Cerca del mediodía, un guardia federal te dice que debes ir junto a Richard a la oficina del jurídico. De manera extraoficial te comenta que un abogado ha creado problemas en la garita porque no lo dejaban entrar, y los mencionó a ustedes. ¿Qué pasó?, preguntas una vez están frente al jurídico de Las Agujas. Queremos hacerles el proceso de nombramiento de un abogado para que los asista, pero, primero que todo, ¿qué creen de su estancia en la Estación Migratoria? ¿Se han sentido incómodos en algún momento? ¿Podemos ayudarlos en algo? El jurídico habla y fuerza una sonrisa amable. Supones que su actitud responde a algún tipo de presión ejercida por el abogado. Si nos quieren ayudar, mándennos para Tapachula ya. Y quejas, sí, claro, ¡por supuesto!, como que tenemos un catarro que no nos deja dormir, y nadie nos ha atendido, y que no han dejado pasar a nuestras visitas, y que nos tienen hasta tarde a la intemperie, con el frío que hace. Está bien. Todo eso lo podemos solucionar pronto. Ahora empecemos con el proceso. En este papel que les entrego está el nombre de su abogado. Ustedes deben firmar y automáticamente el abogado podrá venir a verlos. Les extiende un bolígrafo. Te detienes a leer el papel. Richard te señala una línea escrita al final con letras pequeñas. Dice que al firmar el documento confirmas que durante tu estancia en la Estación Migratoria fueron respetados todos tus derechos. Yo no voy a firmar esto. Aquí dice que, si lo firmo, acepto que mis derechos fueron respetados. Y no lo fueron. Además, tener abogado es un derecho humano, y esos no se dan mediante chantajes. Si no lo hace, entonces no podrá tener un abogado. Pues no queremos abogado, ¡y ya está!, contesta Richard.
***
Aún no te has dormido cuando dos sujetos se detienen ante la reja de tu celda. El guardia federal que los acompaña retira el candado, y menciona tu nombre y el de Richard. Les piden firmar un papel donde se reconoce que ambos, así como dos venezolanos que no te suenan de nada, entraron de forma ilegal a México por la frontera sur. Más abajo lees que la estancia en Las Agujas no ha sobrepasado las 36 horas, y que aceptan un «oficio de salida», es decir, ser llevados a Tapachula para largarse del país en menos de 20 días. Los dos periodistas independientes cubanos optaron por otras vías para salir de ahí. Así que nuevamente son solo tú y tu amigo. Firman sin poner peros.

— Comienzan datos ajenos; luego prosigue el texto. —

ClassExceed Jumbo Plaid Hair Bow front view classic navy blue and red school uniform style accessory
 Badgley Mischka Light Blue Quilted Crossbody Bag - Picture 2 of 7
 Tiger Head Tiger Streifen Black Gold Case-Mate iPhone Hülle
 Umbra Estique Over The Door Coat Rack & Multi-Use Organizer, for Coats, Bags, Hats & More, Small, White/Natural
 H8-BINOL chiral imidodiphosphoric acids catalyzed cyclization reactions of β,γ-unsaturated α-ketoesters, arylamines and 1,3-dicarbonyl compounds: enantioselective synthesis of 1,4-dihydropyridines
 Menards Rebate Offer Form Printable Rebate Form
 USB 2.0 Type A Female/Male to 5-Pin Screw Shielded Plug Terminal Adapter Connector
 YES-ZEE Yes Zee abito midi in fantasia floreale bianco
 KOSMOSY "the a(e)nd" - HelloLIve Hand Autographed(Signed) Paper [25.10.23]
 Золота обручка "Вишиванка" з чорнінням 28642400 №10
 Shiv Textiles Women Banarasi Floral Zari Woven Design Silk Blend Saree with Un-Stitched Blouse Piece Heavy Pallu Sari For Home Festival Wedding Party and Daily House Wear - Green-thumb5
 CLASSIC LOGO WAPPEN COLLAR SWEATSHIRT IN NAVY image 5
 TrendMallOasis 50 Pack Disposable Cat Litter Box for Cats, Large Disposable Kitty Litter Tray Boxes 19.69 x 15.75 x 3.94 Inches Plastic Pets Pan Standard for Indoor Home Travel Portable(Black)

Tres días después un autobús viene por ustedes. De los 20 días para abandonar México, les van quedando 17. El viaje por carretera, escoltados por policías, dura casi 15 horas. Al llegar al parking de la Estación Migratoria «Siglo XXI», en Tapachula, les devuelven sus mochilas, y el dinero y los celulares en dos sobres. Firman un documento donde aseguran que les fueron entregadas todas sus pertenencias, y se alejan de aquel sitio donde otro cubano y un hondureño protestan por la desaparición de sus teléfonos móviles.
Buscan un lugar donde descansar y discutir cuál será el próximo paso. Encuentran un hotel, muy cerca del centro de Tapachula, donde les cobran 450 pesos mexicanos (unos 23 dólares) por noche. La habitación es pequeña y tiene dos camas. El agua de la ducha es fría, pero no te importa. El calor es asfixiante en esta ciudad sin inviernos. La última vez que nos bañamos fue aquí, en Tapachula, recuerda Richard mientras se acaricia la modesta barba que le ha brotado. Pareces un náufrago, bromea. Le respondes: Tú también. Hay que volver a ser personas. Ya después veremos.